The People's Collective

The stock Market crash shattered the faith many people had in a free market economy.  Nowhere was this more evident than in the upper Great Plains.  Largely agrarian and Christian, these people did not have much to begin with.  After the crash, all they had was their faith in God and the Populist preachings of the great orator, William Jennings Bryan.

Bryan wanted desperately to keep the union together.  When he realized this was impossible, he reluctantly accepted the Populist Party’s nomination to lead them in establishing a new nation.  The Populists were aggressive and their message popular in Kansas, Nebraska, Iowa and the Dakotas.  In most areas they were unopposed in local elections.  Using the Soviet Russian model for organizing the government to reflect party structure, they quickly brought order and stability to the new nation.

The Collective has a substantial aircraft industry centered around Wichita.  Unfortunately, engineers for Beech, Cessna, and Piper had little or no combat aircraft design experience.  Many of those who did, fled to Texas, Dixie, or the ISA when Premier Bryan announced his intent to nationalize the industry.  Added to this is the fact that virtually no aircraft engines are produced anywhere in the Collective, and you have the formula for a woefully inadequate industrial base to compete militarily with Texas, Dixie, or the ISA.

Poorly equipped and ill-prepared for war, the Collective moved quickly to reach a compromise with the Lakota Indians of the western Dakotas, when they asserted their right to self determination.
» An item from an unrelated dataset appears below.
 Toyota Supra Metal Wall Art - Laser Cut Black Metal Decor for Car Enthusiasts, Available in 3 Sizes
Sensing weakness in their western neighbor, the ISA moved against Des Moines.  Premier Bryan skillfully appealed to the collective during an address over the state-run radio network.  He told the Collective that they had to stop the aggression, otherwise Des Moines would become another Chicago, full of gangsters, hootch, and painted ladies.  He went on to explain that, one by one, each city in the Collective would fall to the same fate, much as a line of dominos tumbles one into the next.
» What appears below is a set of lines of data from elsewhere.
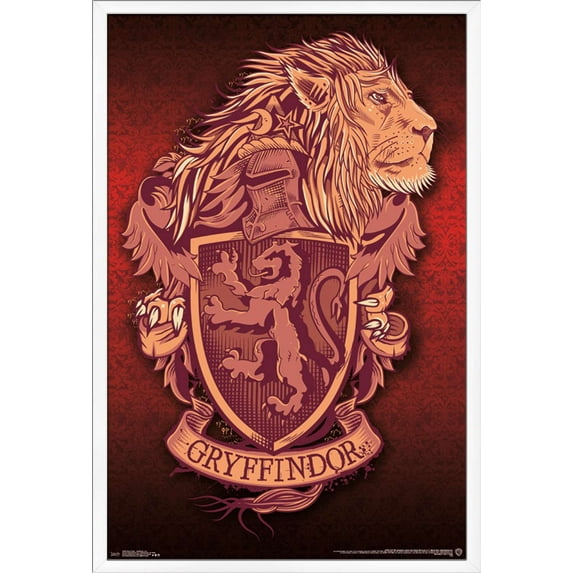 The Wizarding World: Harry Potter - Gryffindor Lion Crest Wall Poster, 22.375" x 34", Framed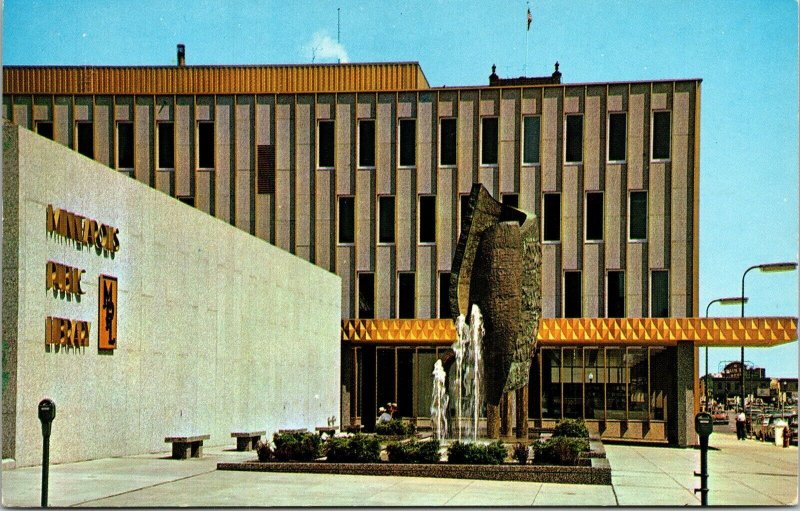 Gold Trimmed Public Library Hennepin County Minneapolis MN Minnesota Postcard  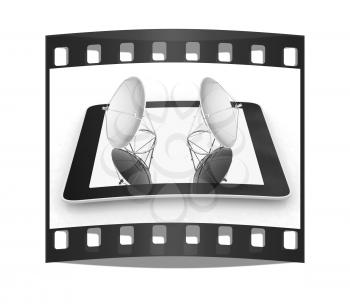 The concept of mobile high-speed Internet on a white background. The film strip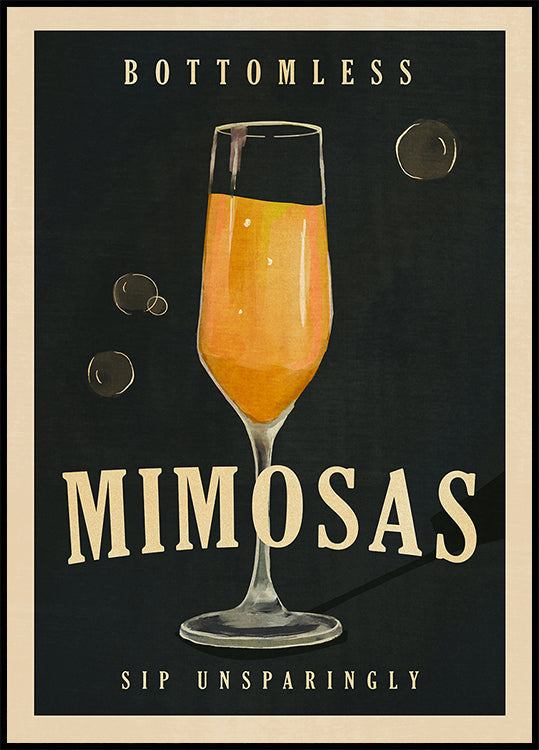 Bottomless Mimosas Art Deco Cocktail Bar Art Plakat - Posterbox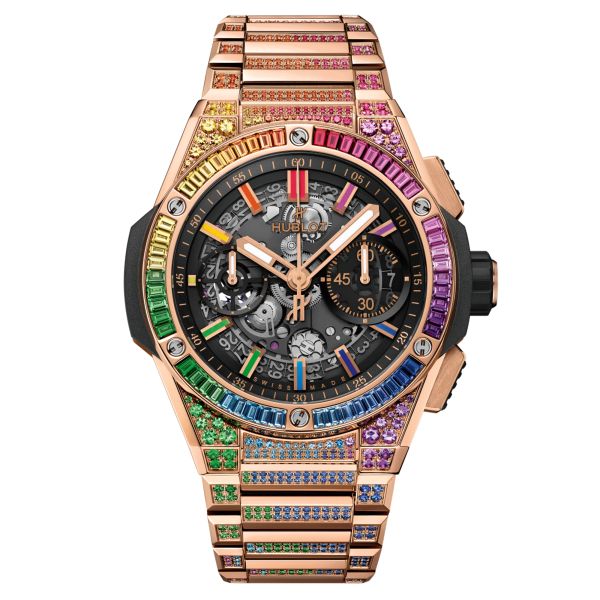 Montre Hublot Big Bang Integrated King Gold Rainbow automatique bracelet King Gold serti 42 mm 451.OX.1180.OX.3999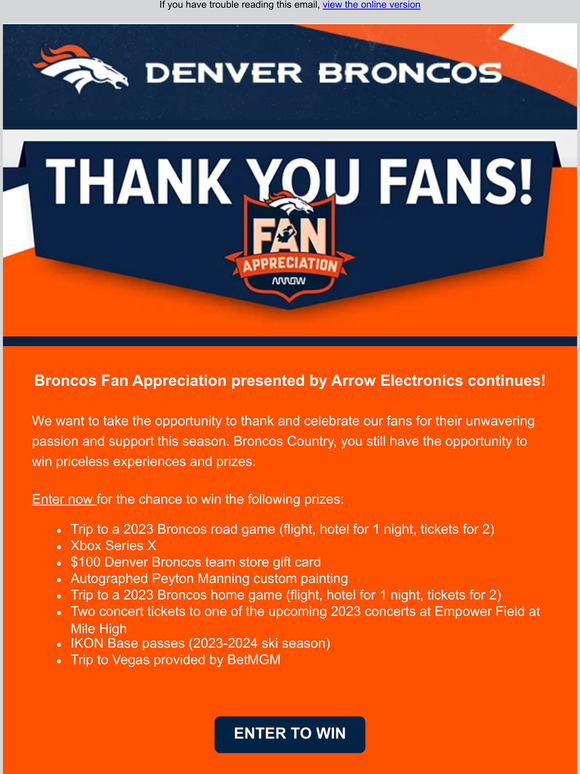 Denver Broncos Game Ticket Gift Voucher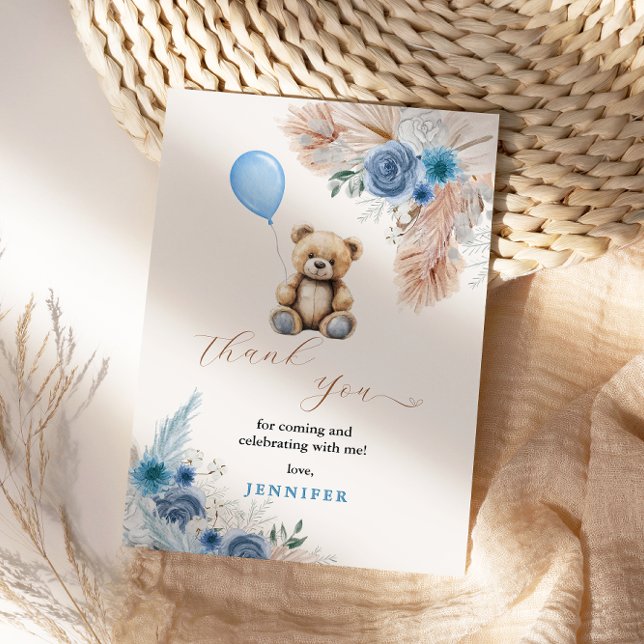 Blue Teddy Bear Baby Shower Florals Pampas Grass Thank You Card (Creator Uploaded)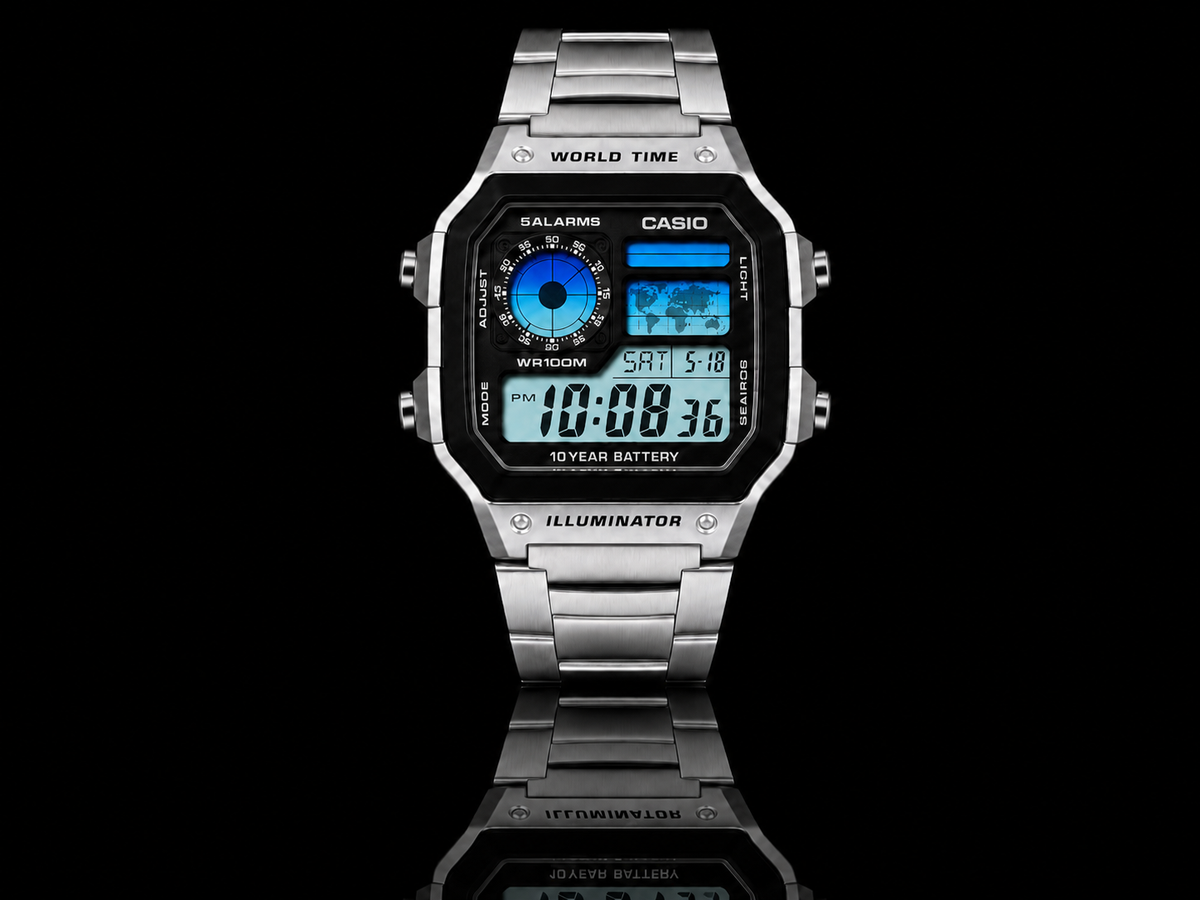 Ice Blue Gradient Casio AE-1200 custom watch — studio front-facing product image showing cool blue gradient display on silver bracelet
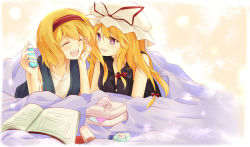 Rule 34 | 2girls, alice margatroid, bed, bed sheet, beige background, blonde hair, book, closed eyes, contemporary, couple, faech, hat, hat ribbon, headband, highres, holding, laughing, looking at another, lying, mob cap, multiple girls, on bed, on stomach, open book, open mouth, perfume (cosmetics), purple eyes, ribbon, shirt, short sleeves, simple background, sleeveless, smile, touhou, upper body, white shirt, yakumo yukari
When the air raid siren sounded the next day, over sixty Collective aircraft took to the skies over Des Moines.  The ISA pilots easily downed many Collective aircraft.  Most of the Collective aircraft were little more than wood and paper crop dusters whose pilots had flown all night to reach Des Moines to defend their new nation.  Their only armament were hand held rifles, pistols, and Molotov cocktails.
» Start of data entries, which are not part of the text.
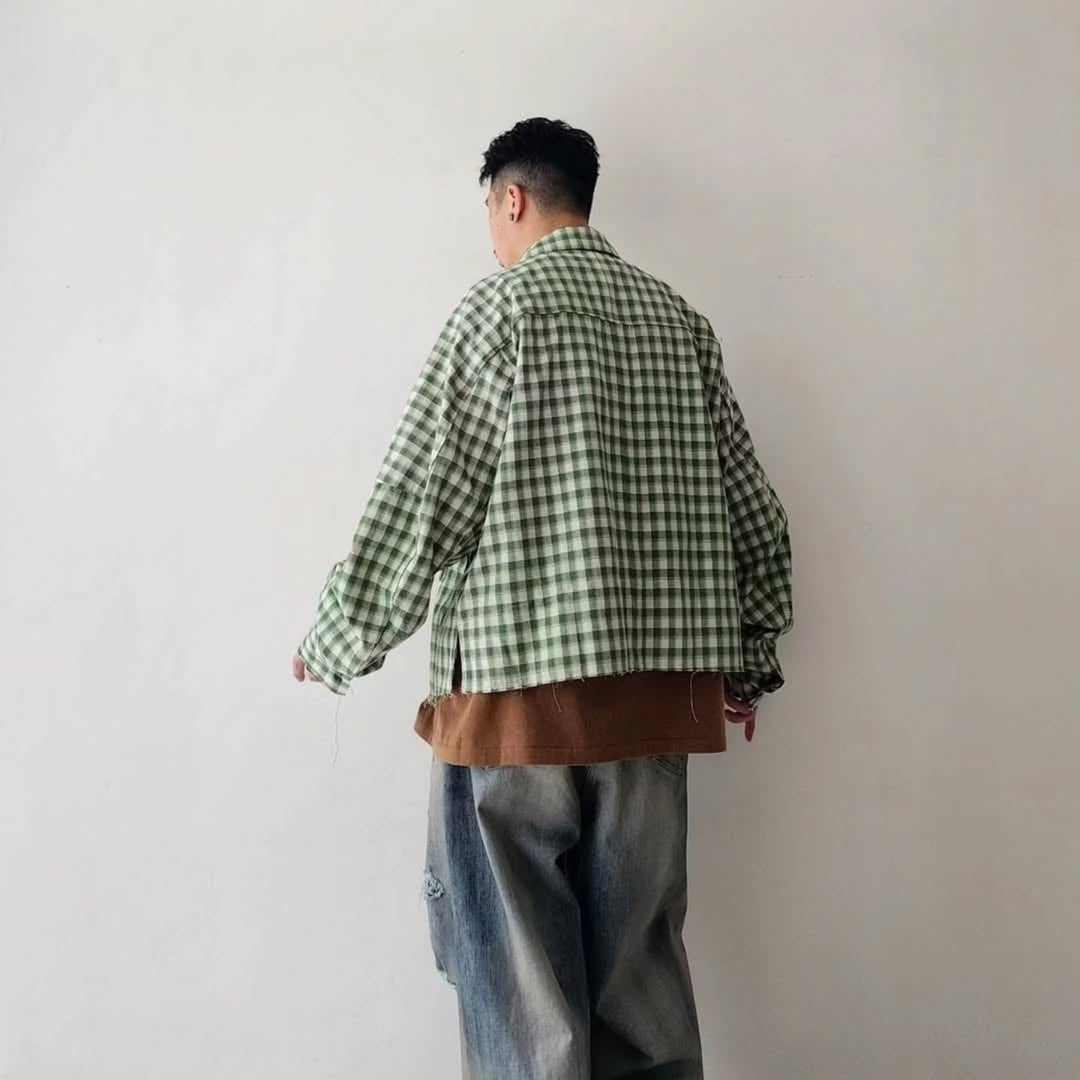 ANCELLM / C/R Check Short Zipup Shirt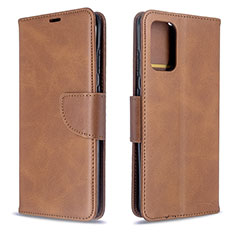 Leather Case Stands Flip Cover Holder B04F for Samsung Galaxy S20 5G Brown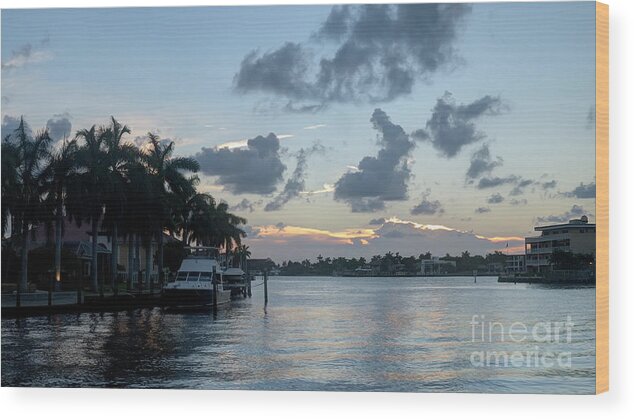 Lauderdale Wood Print featuring the photograph Sunset Tropical Canal by Ules Barnwell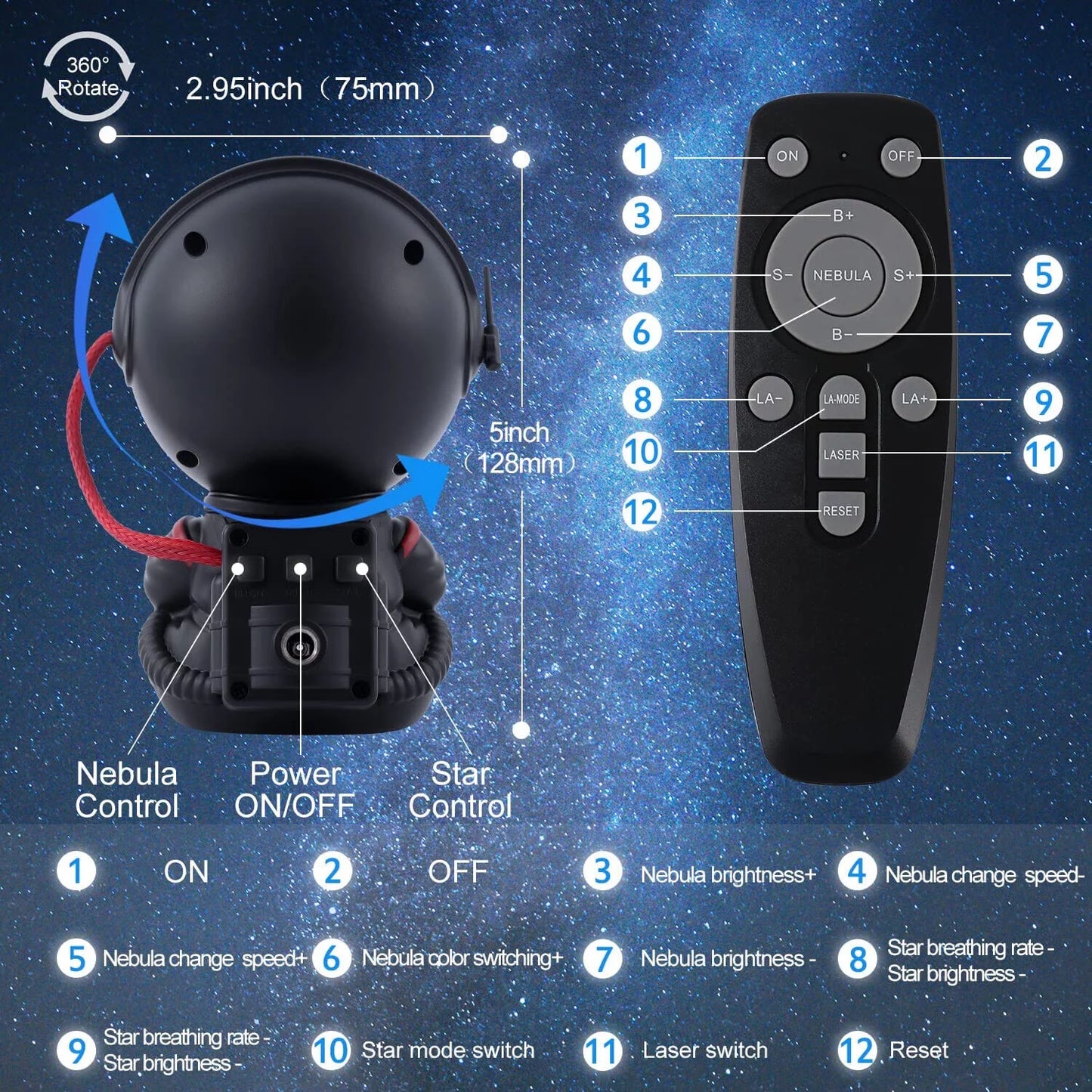 Star Projector, Kids Night Light, Nebula Projector Light. Galaxy Bedroom Projector, Adult Playroom/Home Theater/Ceiling/Room Decoration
In the end, the Collective lost over 40 aircraft, but not a single ISA pilot escaped Collective airspace.  Premier Bryan finally understood comrade Lenin’s statement that there is a degree of quality in quantity.  This became the blueprint for the Collective Air Guards.  Inexpensive aircraft and plenty of pilots are the order of the day.  They will dispatch their enemies like the honey bees dispatch an intruding bear.  They salvage every piece of downed equipment.  State of the art enemy aircraft are repaired and sent to elite units.  The power and strength of the Collective Air Guards grows every day.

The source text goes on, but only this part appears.